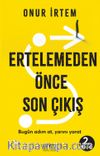Ertelemeden Önce Son Çıkış & Bugün adım at, yarını yarat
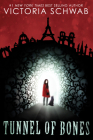 Tunnel of Bones (City of Ghosts #2) Cover Image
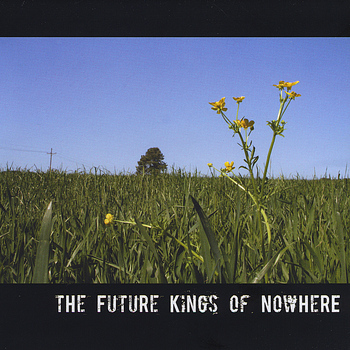 The Future Kings of Nowhere - The Future Kings of Nowhere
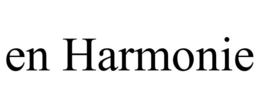 EN HARMONIE trademark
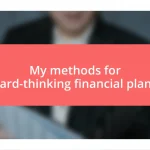 My methods for forward-thinking financial planning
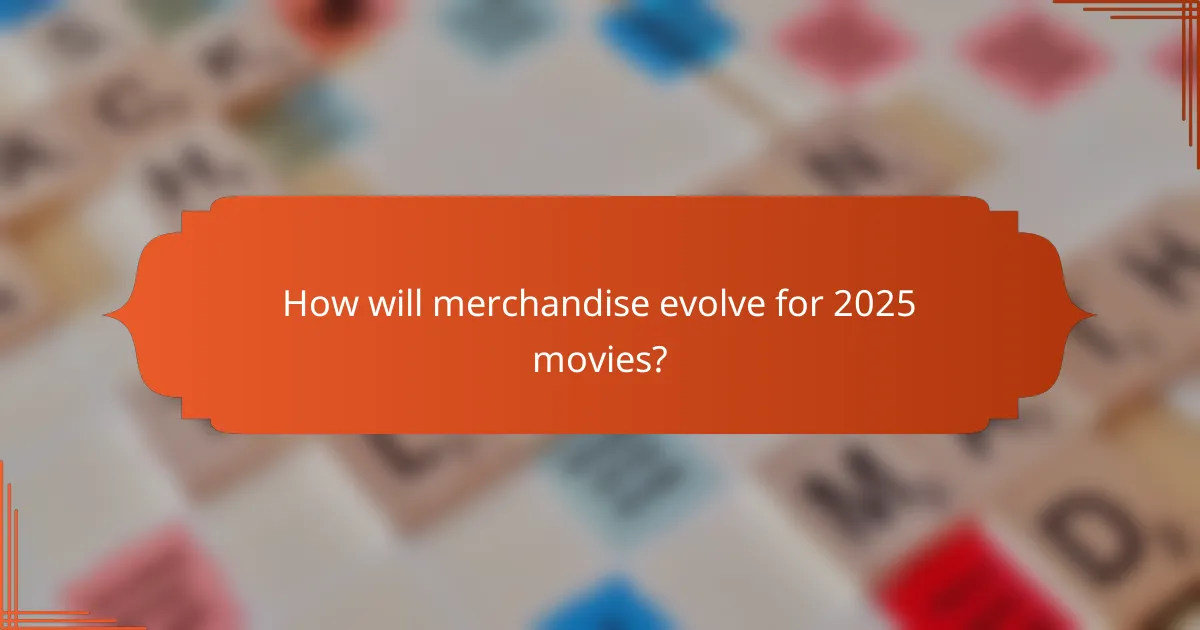 How will merchandise evolve for 2025 movies?
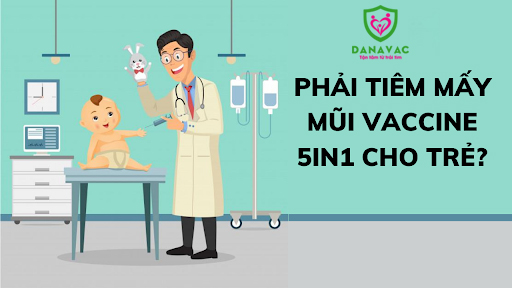 Cần tiêm mấy mũi 5in1 lcho trẻ là đủ?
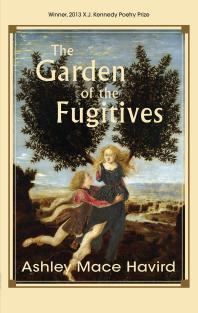 Garden of the Fugitives : Poems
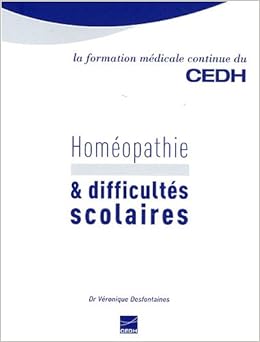 Amazon Fr Homeopathie Difficultes Scolaires Desfontaines Veronique Livres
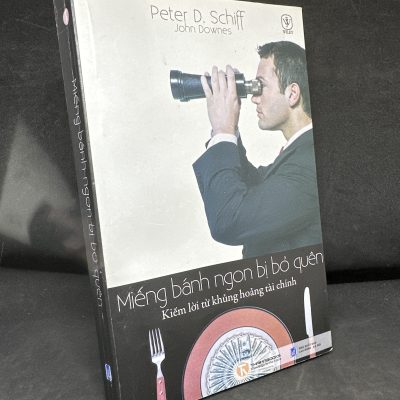 [Phiên Chợ Sách Cũ] Miếng Bánh Ngon Bị Bỏ Quên, 2009 - Peter D. Schiff, John Downes H1604-SBM-2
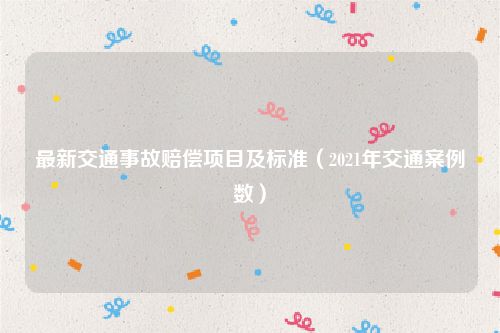 最新交通事故赔偿项目及标准（2021年交通案例数）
···
Required work >> Copy, without the pictures, exactly the lines from the line with "[Phiên Chợ Sách" through the end of the material above, both ends included.

Response to this task >>
 [Phiên Chợ Sách Cũ] Miếng Bánh Ngon Bị Bỏ Quên, 2009 - Peter D. Schiff, John Downes H1604-SBM-2
 最新交通事故赔偿项目及标准（2021年交通案例数）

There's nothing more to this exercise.